TASK GOAL
From the line holding "Jinquedai Vibe Style" through the line holding "Stylish Skull Car" below, write out every line exactly; include both of those lines and drop the pictures.

INPUT RECORDS

━━━━━━━━━━━━━━━━━━━━━━━━━━━━━━

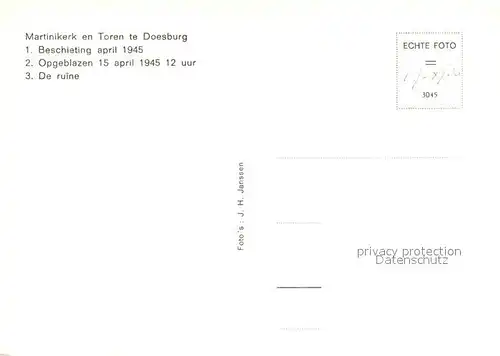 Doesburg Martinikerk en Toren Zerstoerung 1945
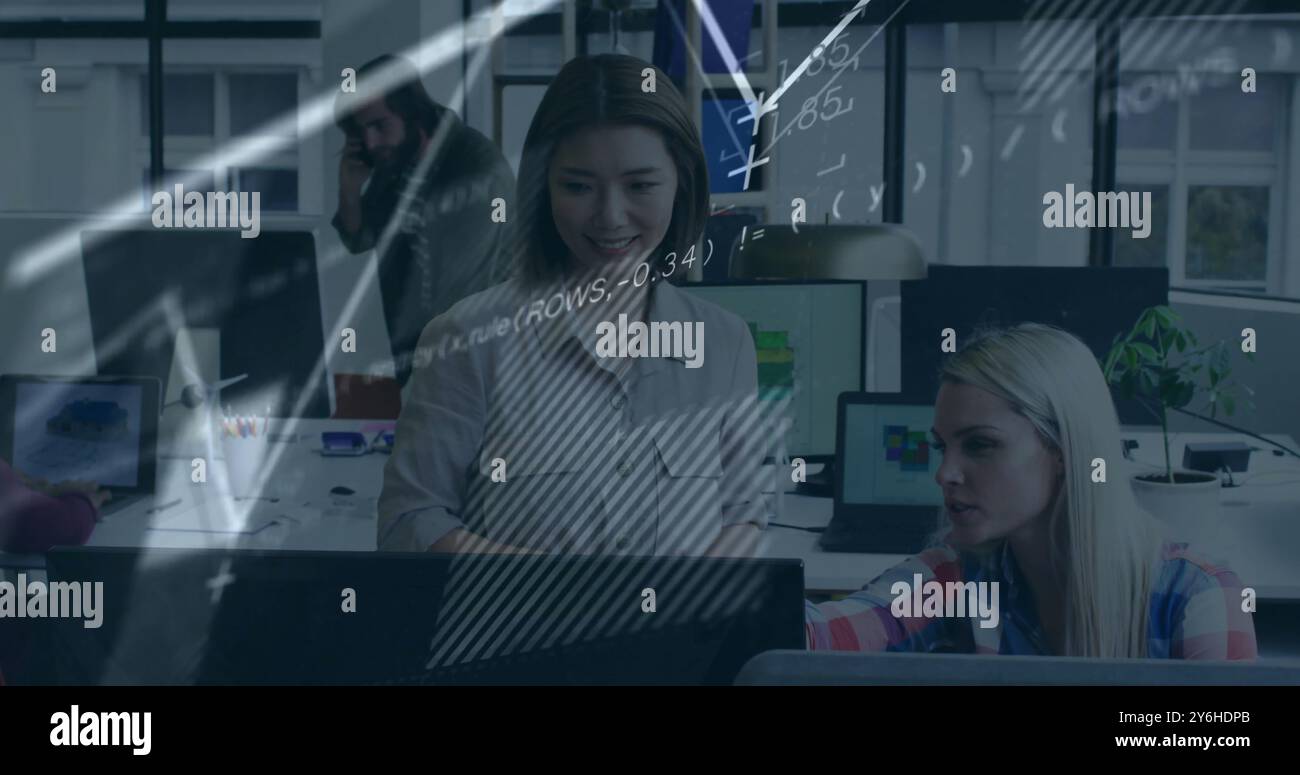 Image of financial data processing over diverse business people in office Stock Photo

━━━━━━━━━━━━━━━━━━━━━━━━━━━━━━

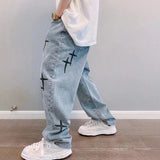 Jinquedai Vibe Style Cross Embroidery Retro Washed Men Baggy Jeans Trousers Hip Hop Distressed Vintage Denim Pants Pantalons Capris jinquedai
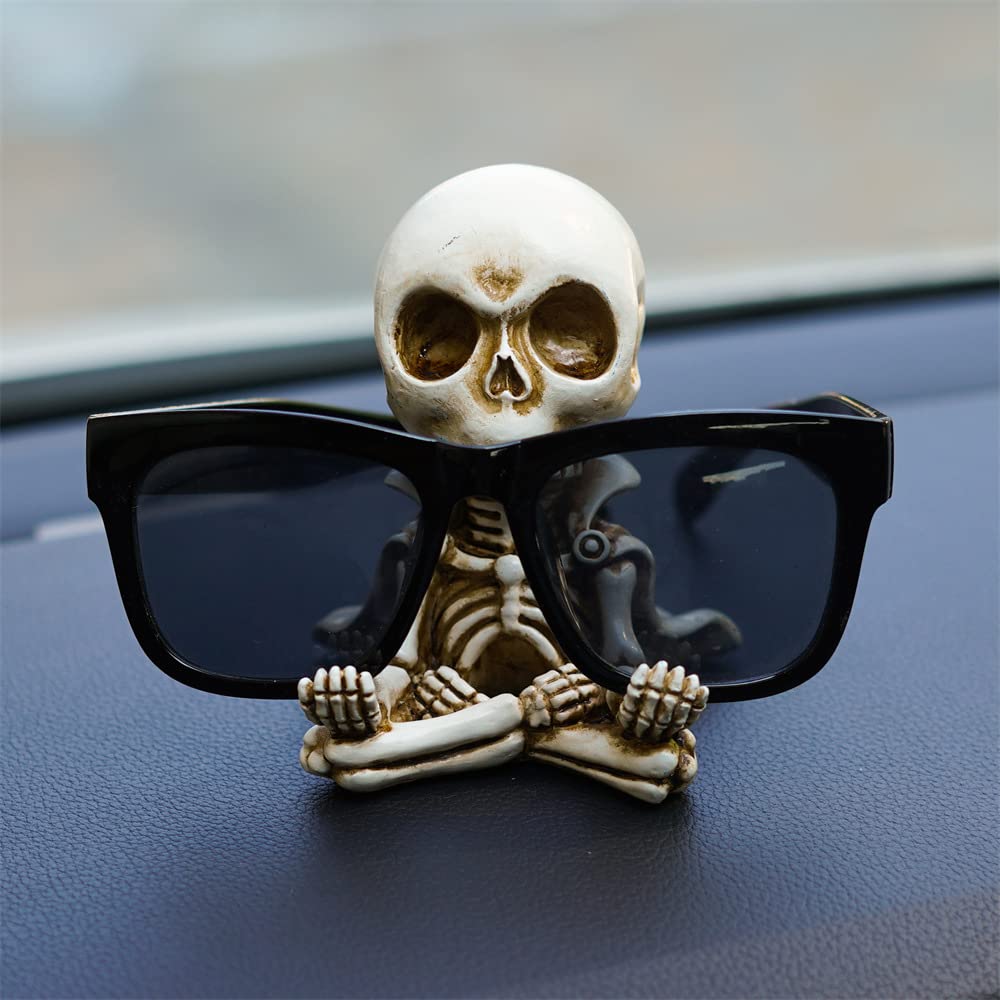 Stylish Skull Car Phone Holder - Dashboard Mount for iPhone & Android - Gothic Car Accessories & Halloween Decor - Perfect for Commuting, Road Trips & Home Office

━━━━━━━━━━━━━━━━━━━━━━━━━━━━━━

EXERCISE ANSWER
 Jinquedai Vibe Style Cross Embroidery Retro Washed Men Baggy Jeans Trousers Hip Hop Distressed Vintage Denim Pants Pantalons Capris jinquedai
 Stylish Skull Car Phone Holder - Dashboard Mount for iPhone & Android - Gothic Car Accessories & Halloween Decor - Perfect for Commuting, Road Trips & Home Office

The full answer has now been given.